The first day of my trip was a day for familiar sights and sounds. I woke up in the house where I spent my entire childhood and had breakfast with my parents on the porch.

I got a late start but after spending the previous day driving back and forth from the Bay Area, that was not very surprising.

So around 12:30 p.m., it was out of Paradise, winding down Clark Road into the valley going to Highway 70 into Oroville and to Sacramento. This is a route I have driven countless times before.

I had with me the old metal cd case that held all of the albums I listened to in high school. Because I am a cultural anachronism, they were all rock music from the sixties and seventies.

So on played the Beatles' White Album, Caravanserai by Santana and Axis: Bold as Love by Jimi Hendrix.

And as the golden dead grass and stately oaks of the Central Valley gave way to the foothills of the Sierra Nevada with their digger pines, John, Paul, George and Ringo sang songs like "Rocky Raccoon" and "Glass Onion" and "Cry Baby Cry" -- all of which were the soundtrack to I can't count how many teenage camping trips.

I can still remember the summer when my best friend discovered the White Album and exposed the rest of us to it. It expanded what we knee the Beatles to be and also expanded what we thought rock music could be. Since we never heard any of these songs on the radio, we felt that we had discovered something secret and wonderful.

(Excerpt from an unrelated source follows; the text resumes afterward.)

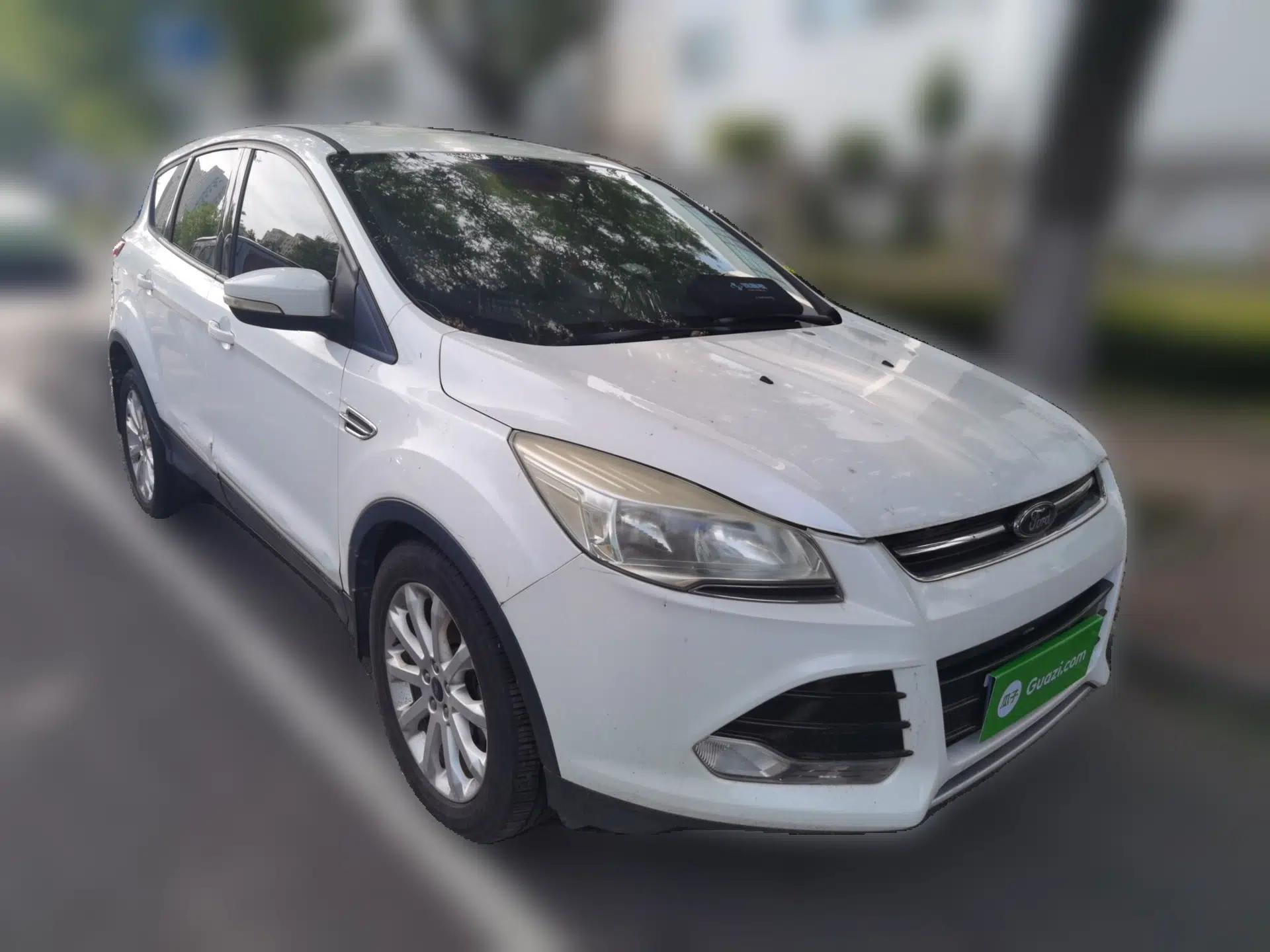 Ford Kuga 2013 1.6L GTDi Two-Wheel-Drive Comfort Model — миниатюра 3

So as I ascended into the Sierra Nevadas, into that rarefied realm where you round a bend, look back toward the valley and the whole world looks like it's made of green pipe cleaners, I felt that a rush of familiarity -- the promise almost that I was bound for another of these lazy, goofy outings like no time had passed.

But there are a dozen dead seasons between then and now, and instead of going to swim in some secret hole in the woods or camp at a music festival, I was just leaving; for a small apartment in a four-story brick walk-up in a rapidly gentrifying borough that's already pretty much too expensive to live in. It's an almost a terrifying shame how much we leave behind when we decide to do anything.

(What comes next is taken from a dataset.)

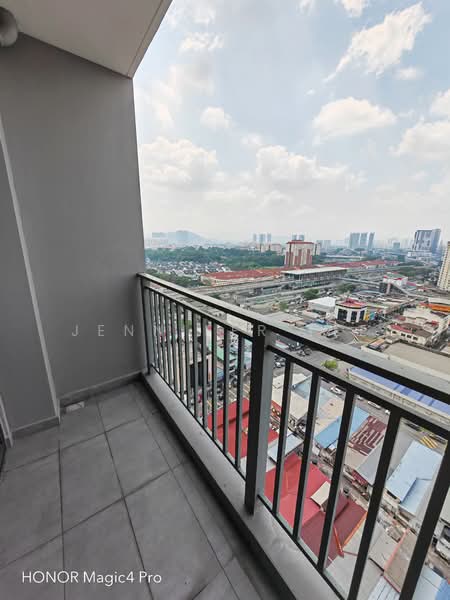 Kondominium untuk Dijual di The Herz - Jennifer Tee - Balcony - PropertyGuru.com.my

There was still snow in some of the peaks as I reached the 7,200-foot summit of Donner Pass. As I descended into the eastern Sierras, I thought about that fateful clan of pioneers (who supposedly resorted to cannibalism after getting stranded on the pass during the winter. I'm not providing a link because I'm writing on a damn smartphone.). It occurred to me that I was pulling a reverse Donner: fleeing the golden, arid expanses of California for the muggy, populous East. How appropriate, then, that I should wind up regurgitate myself nightly on this blog.

With Caravanserai blasting on the stereo, I descended rapidly down into the canyons among the foothills and into Nevada. The color of the stones turned yellow and sandy, and before I knew it, I was completely surrounded by the barren expanses of western Nevada. With the light beginning to fail, I pressed eastward into the nearly entirely unpopulated central region.

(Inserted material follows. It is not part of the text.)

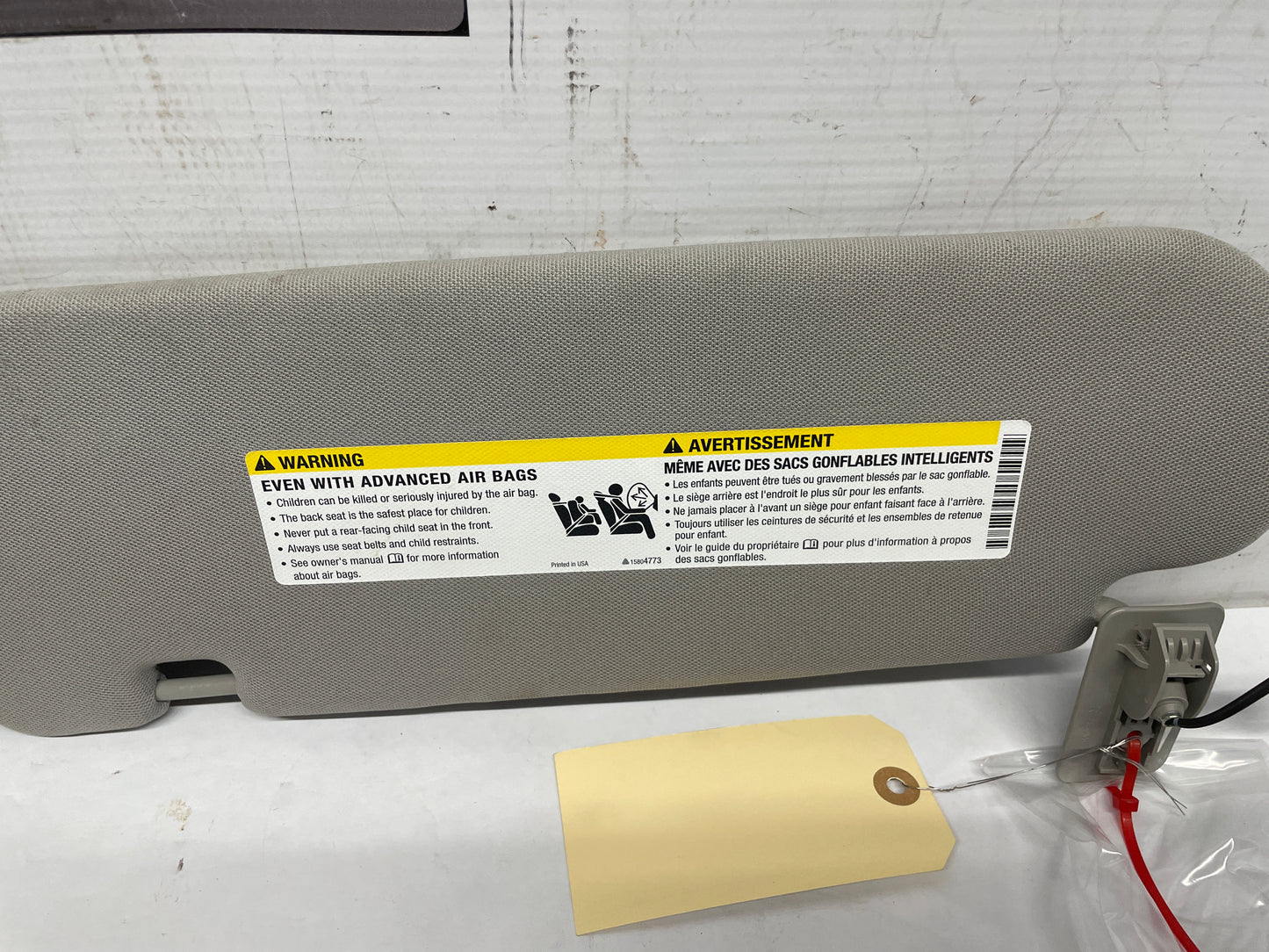 2016 Chevy SS Sedan RH & LH Sun Visor Sunvisor Shade Set w/ Clips OEM - Day's Parts Yard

The famous Bonneville salt flats are in Utah, but Nevada appears to have some of its own. As I passed through these, I couldn't help but notice that various travelers had stopped and tried to make messages using the coal-black rocks that proliferate among the alkalai.

Most of these messages seemed to be crude hearts with the names or initials of lovers assembled nearby. I found it comforting that those who wanted to leave a lasting impression on the landscape, some sort of communication for the world to see, do it out of love.

Perhaps it speaks to the essence of inspiration. Or maybe we've reached a point as a culture where this is the only thing left not worth saying anonymously on an online message board. Only the stones know.

Tomorrow: A visit to a railroad town.



Comments:
Sounds like a great adventure. I always love reading your writing and your thoughts on things familiar to me. Safe travels!